Hello everyone! I hope you are all having a good week!
We recently had the Graphics Office Hours here, and during that time, some things were revealed about the future of ECS rendering. While most people I talked to seemed to be in favor, a lot of the reasons proposed contradicted my own experiences. I, myself, am very concerned that Unity might be making a big misstep.
The purpose of this post first-and-foremost is to educate. I in no way want to discredit the Unity engineers or decision-makers. I suspect very few people in the graphics industry know what I will be sharing. In fact, I discovered this by accident in an attempt to solve a different problem. While I will try to explain this in understandable language, I suspect this will likely go over many people’s heads. @VincentBreysse I saw you were answering many questions related to the future of ECS Rendering, and I suspect you may find this interesting. I hope you don’t mind the ping.

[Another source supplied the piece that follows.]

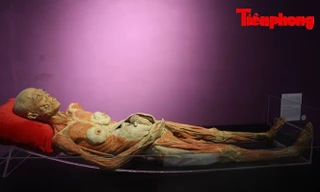 Bộ VHTTDL chưa có quyết định cuối cùng về triển lãm đang gây tranh cãi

Also, as a disclaimer, it is very possible that there are things I am wrong about. I am eager to learn!
Background
I’ll first explain some of the concepts behind Unity’s high-performance rendering technologies. For those already well-familiarized, you may skip this section.
For a more complete background, I strongly suggest watching this video: https://www.youtube.com/watch?v=6LzcXPIWUbc
Unity has two high-performance rendering technologies, those being the Entities Graphics package, and the GPU Resident Drawer. These two technologies can coexist, but do not interact with each other in any way. Entities Graphics handles entities. GPU Resident Drawer handles Game Objects. Both of these technologies are backed by a low-level API known as BatchRendererGroup
(BRG for short).
BRG combines both instancing and batching. The idea is that you can store many objects’ rendering data persistently in the GPU across multiple frames. However, unlike traditional instancing in Unity, you don’t have to rearrange and compact arrays to just what is supposed to be rendered. Instead, you specify which instances you want to draw, as well as their configurations, and BRG will take care of the rest. This allows other features like LODs and culling to participate in choosing which instances get drawn. And all of this gets jobified for maximum performance.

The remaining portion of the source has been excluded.